23 февраля вечером после работы мы пошли в JUCK за новыми подушками. Выбирали долго и тщательно, взяли дорогие. Дома я собрала рюкзак для утренней тренировки в фитнес-клубе. Когда я ложилась спать в своей квартире на пару дней тому доставленном новеньком матрасе, то услышала от Димы: «россия этой ночью на нас нападёт». Когда мы в 5 утра поснулись от взрывов, то я услышала одни из самых страшных слов в своей жизни: «Началось!»

Я достала из кладовки рюкзак побольше и начала собирать вещи. У меня не было опыта, я не взяла ничего из вещей, которые бы мне пригодились, кроме белья и зубных щеток.

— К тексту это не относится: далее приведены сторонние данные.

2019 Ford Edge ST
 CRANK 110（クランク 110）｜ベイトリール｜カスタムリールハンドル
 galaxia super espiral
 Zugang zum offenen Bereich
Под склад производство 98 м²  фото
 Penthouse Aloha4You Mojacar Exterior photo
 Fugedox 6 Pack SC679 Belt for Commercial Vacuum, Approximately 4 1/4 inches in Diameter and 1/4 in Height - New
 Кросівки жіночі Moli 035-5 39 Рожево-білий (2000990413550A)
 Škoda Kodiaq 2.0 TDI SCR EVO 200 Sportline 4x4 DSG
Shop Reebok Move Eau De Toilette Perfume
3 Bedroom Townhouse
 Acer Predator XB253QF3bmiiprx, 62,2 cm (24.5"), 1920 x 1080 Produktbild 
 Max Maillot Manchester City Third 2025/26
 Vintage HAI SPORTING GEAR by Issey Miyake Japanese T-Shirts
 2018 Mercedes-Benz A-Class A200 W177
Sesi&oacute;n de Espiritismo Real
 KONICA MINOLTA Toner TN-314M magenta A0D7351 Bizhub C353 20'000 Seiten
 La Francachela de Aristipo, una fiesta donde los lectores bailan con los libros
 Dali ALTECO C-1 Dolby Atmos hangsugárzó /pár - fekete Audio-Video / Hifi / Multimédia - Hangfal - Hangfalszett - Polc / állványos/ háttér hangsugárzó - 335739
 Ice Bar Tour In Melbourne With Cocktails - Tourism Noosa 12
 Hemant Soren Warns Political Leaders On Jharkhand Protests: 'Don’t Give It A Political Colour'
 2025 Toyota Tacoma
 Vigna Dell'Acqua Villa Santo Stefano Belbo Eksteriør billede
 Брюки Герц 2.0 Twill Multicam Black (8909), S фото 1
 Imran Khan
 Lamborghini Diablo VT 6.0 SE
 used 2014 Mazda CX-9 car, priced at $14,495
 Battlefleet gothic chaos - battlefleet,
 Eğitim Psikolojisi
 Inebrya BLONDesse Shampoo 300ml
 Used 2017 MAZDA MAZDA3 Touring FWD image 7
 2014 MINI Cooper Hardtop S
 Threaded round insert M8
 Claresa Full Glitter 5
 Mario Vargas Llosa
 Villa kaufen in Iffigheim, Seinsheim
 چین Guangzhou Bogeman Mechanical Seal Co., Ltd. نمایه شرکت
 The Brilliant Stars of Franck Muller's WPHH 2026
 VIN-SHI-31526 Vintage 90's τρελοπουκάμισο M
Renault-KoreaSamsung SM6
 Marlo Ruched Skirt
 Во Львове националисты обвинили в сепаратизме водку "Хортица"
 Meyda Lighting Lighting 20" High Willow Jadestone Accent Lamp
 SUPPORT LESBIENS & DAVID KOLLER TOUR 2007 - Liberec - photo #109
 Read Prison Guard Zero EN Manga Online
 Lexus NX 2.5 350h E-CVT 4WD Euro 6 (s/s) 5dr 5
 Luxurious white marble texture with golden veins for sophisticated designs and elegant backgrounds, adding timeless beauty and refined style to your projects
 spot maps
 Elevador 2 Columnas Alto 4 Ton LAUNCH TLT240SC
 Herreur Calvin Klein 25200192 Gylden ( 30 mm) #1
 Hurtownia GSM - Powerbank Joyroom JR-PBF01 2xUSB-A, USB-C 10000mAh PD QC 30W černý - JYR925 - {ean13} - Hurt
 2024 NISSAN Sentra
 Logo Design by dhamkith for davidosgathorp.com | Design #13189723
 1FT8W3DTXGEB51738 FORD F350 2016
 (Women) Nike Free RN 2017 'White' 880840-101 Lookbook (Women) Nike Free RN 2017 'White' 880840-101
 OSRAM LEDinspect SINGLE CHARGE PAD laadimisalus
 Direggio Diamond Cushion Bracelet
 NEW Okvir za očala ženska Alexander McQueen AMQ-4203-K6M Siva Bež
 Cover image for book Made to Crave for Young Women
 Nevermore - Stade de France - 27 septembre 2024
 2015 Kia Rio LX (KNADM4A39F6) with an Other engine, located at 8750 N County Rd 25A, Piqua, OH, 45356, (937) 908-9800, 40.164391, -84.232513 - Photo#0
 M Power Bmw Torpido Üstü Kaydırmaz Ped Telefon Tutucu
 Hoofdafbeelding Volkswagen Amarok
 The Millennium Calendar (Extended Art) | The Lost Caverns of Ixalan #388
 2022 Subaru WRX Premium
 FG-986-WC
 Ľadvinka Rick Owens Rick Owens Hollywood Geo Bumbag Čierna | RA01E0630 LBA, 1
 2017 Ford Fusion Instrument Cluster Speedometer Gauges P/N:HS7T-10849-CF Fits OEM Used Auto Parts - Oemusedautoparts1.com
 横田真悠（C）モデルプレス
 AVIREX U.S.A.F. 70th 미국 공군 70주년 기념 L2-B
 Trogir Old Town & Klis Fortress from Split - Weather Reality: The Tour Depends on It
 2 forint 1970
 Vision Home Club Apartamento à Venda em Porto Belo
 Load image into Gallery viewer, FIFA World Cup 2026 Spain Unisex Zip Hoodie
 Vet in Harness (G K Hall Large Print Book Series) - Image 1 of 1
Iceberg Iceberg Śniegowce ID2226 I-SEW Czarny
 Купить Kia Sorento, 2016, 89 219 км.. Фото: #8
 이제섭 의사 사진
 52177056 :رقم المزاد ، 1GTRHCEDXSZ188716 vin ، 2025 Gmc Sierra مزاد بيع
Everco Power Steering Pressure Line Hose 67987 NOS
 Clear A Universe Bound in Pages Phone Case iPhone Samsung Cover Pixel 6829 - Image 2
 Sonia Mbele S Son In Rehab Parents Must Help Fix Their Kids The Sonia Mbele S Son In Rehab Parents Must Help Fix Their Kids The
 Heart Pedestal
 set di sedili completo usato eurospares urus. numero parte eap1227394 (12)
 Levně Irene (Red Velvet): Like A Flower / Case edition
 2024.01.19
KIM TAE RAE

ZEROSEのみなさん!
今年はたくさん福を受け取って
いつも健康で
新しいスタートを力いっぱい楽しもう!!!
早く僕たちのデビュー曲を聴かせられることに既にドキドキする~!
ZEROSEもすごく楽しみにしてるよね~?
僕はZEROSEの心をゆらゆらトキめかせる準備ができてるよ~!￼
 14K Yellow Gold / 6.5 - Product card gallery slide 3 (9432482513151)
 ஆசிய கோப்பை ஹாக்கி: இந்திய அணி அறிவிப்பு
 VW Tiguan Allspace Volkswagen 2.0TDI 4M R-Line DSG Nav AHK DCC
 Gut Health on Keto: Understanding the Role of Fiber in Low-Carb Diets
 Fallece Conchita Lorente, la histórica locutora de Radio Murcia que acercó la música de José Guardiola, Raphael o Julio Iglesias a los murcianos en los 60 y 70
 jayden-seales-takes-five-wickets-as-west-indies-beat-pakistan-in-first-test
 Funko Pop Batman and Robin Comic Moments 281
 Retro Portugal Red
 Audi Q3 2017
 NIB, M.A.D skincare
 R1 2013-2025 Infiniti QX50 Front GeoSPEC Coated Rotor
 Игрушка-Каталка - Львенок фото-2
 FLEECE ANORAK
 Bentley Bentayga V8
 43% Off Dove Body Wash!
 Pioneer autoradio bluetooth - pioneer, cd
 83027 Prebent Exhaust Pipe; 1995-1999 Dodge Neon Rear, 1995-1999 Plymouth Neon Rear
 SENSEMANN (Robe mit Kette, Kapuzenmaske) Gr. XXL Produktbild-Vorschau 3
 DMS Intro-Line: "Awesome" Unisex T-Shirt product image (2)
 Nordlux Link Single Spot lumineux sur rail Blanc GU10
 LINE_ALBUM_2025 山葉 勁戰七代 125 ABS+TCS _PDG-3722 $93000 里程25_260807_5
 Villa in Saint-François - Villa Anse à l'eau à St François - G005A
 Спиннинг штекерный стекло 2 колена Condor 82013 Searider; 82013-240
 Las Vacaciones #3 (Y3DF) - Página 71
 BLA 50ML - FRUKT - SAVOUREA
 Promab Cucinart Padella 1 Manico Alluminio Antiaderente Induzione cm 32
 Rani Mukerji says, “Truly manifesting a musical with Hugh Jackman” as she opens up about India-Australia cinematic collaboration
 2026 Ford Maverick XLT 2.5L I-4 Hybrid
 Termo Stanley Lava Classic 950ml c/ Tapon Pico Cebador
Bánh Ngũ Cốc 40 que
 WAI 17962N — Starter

Мы у друга на другом конце Харькова. Потом я у мамы, мы без понятия, что будем делать дальше, просто зову её с собой. Она, как и тысячи других мам, никуда не хочет ехать. Я тоже никуда не хочу ехать. Потом я пишу маме и подругам сообщение, что «ура, мы остаемся». Пока мы стоим в очереди на заправку, прямо в черте города в нескольких сот метрах от нас начинается бой. Рашисты в моем городе. Гораздо ближе, чем я могла представить в своем самом страшном сне.

40 часов в машине в тянучке из машин с востока на запад.
Никто не обгоняет, не подрезает, не лезет без очереди на заправках, хотя топливо есть не везде и заправляют по 20 л. Не хочется есть, не хочется спать, ничего не болит, не затекает тело от одной и той же позы. Люди вокруг внешне спокойные. Колоны военной техники в обоих направлениях.
Вторые сутки в машине. Где-то под Винницей наши красивые военные вдоль дороги. Они нам улыбаются, а я впервые начинаю плакать. Мы съе#ываемся, а они нам подбадривающе улыбаются.
Мы до сих пор не знаем, куда мы едем. Едем четырьмя машинами. И ни у кого нет плана, кроме «переехать на правый берег Днепра», «главное, проехать Винницу» и т. п.

Сжирает стыд. Как мы могли уехать? Надо возвращаться!
Потом я узнаю, что почти все проходят через это, независимо от того, когда они уехали. В первый день или через две недели.
Многие остались. Самые любимые люди. Мои боженьки.